3. Criminal Law— motion to view crime scene — photographs — diagram

The trial court did not abuse its discretion in a larceny, felonious breaking and entering, and resisting a public officer case by overruling defendant’s motion for view of the crime scene, because the jury had an opportunity to see three photographs of the pertinent church and its surroundings as well as a diagram of the crime scene.

4. Evidence— article search — foundation—plain error analysis

The trial court did not commit plain error in a larceny, felonious breaking and entering, and resisting a public officer case by failing to intervene ex mero motu when testimony of an officer regarding an article search performed by him and his K-9 partner was admitted allegedly without a proper foundation because even assuming it was error to admit the testimony, *351the absence of the error would not have resulted in a different verdict when the police officers and the pastor of the church testified the items identified by the pastor of the church were inside the church prior to the larceny and were found outside of the church soon after defendant’s apprehension.

Appeal by defendant from judgment entered 1 August 2002 by Judge John O. Craig, III, in Superior Court, Guilford County. Heard in the Court of Appeals 2 December 2003.

Attorney General Roy Cooper, by Assistant Attorney General Joyce S. Rutledge, for the State.

Anne Bleyman for the defendant-appellant.

WYNN, Judge.

By this appeal, Defendant, Donald Ray Cathey, presents the following issues for our consideration: Whether the trial court (I) erroneously allowed the State to amend a fatally defective larceny indictment; (II) committed plain error in punishing Defendant for exercising his right to a trial by jury in violation of his state and federal constitutional rights; (III) abused its discretion by overruling Defendant’s motion for view of the crime scene; and (IV) committed plain error in failing to intervene ex mero motu in admitting testimony without a proper foundation. After careful review, we conclude the larceny indictment was fatally defective and the trial court erred in allowing an amendment of said indictment; otherwise, we find no error in the proceedings below.

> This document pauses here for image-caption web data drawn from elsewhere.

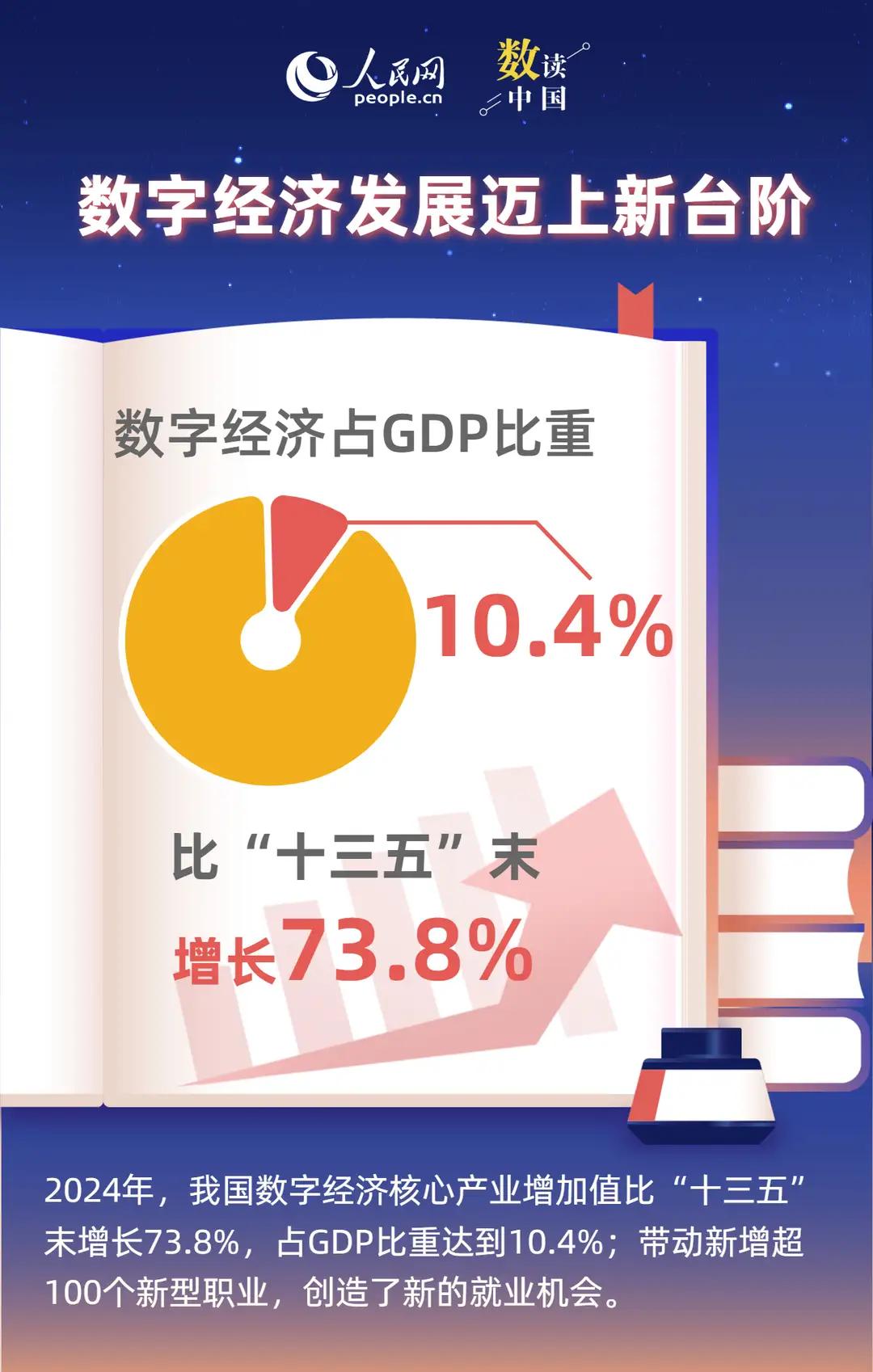2025年是“十四五”收官之年。这五年，百年变局加速演进，中国产业版图深刻重塑。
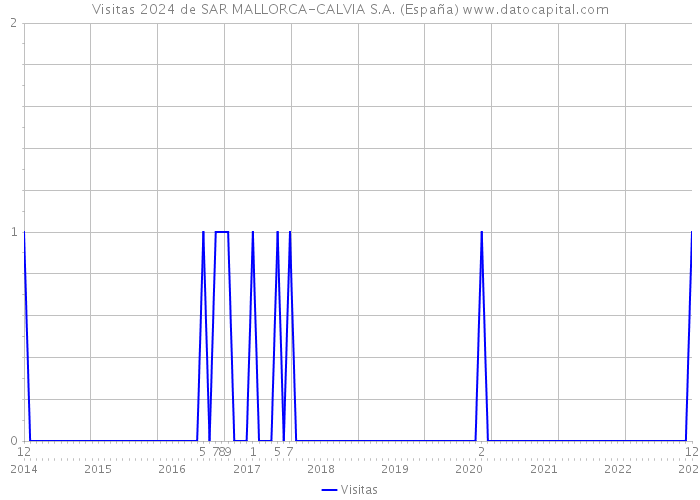 Visitas 2024 de SAR MALLORCA-CALVIA S.A. (España) 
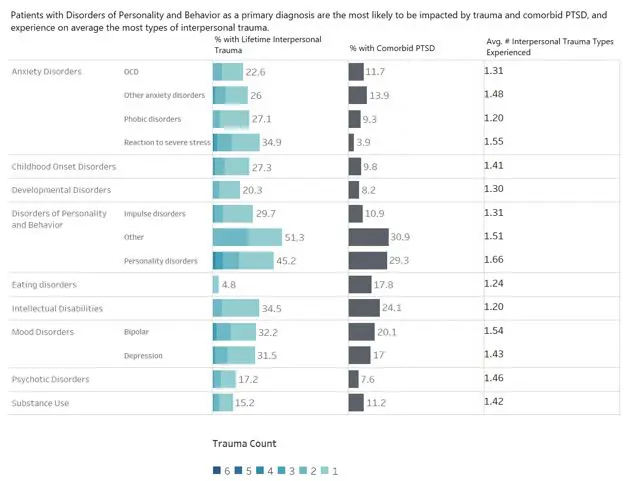 Incidence of interpersonal trauma and secondary PTSD across mental disorders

The pertinent facts indicate that on 29 April 2001, local police officers responded to an alarm at the Faith Temple Church of God — High Point, Incorporated in High Point, North Carolina. Upon arrival, Officer Chris Wolanin and Lieutenant Larry Stroud observed a suspect, about ten feet away from the church, carrying a large black bag. The officers were unable to see the suspect’s face. After the officers shined a flashlight on the suspect, the suspect stopped, went into a line of bushes that ran parallel to the church and ran away. Thereafter, Officer Brian McMillan pursued an individual whom Lieutenant Stroud illuminated with a flashlight. After a short pursuit, Defendant was arrested. Later, the officers recovered a black plastic bag and a boxed ceiling fan from the thicket. None of the latent fingerprints matched Defendant.

*352Following his convictions at a trial by jury, the trial court sentenced Defendant to imprisonment terms of 7 to 9 months for felonious breaking and entering; 7 to 9 months for felonious larceny to be served consecutively; and 30 days for resisting a public officer. Defendant appeals.

[1] On appeal, Defendant first contends the trial court erroneously allowed the State to amend a fatally defective larceny indictment as such amendment constituted a substantial alteration in violation of N.C. Gen. Stat. § 15A-923(e). We agree.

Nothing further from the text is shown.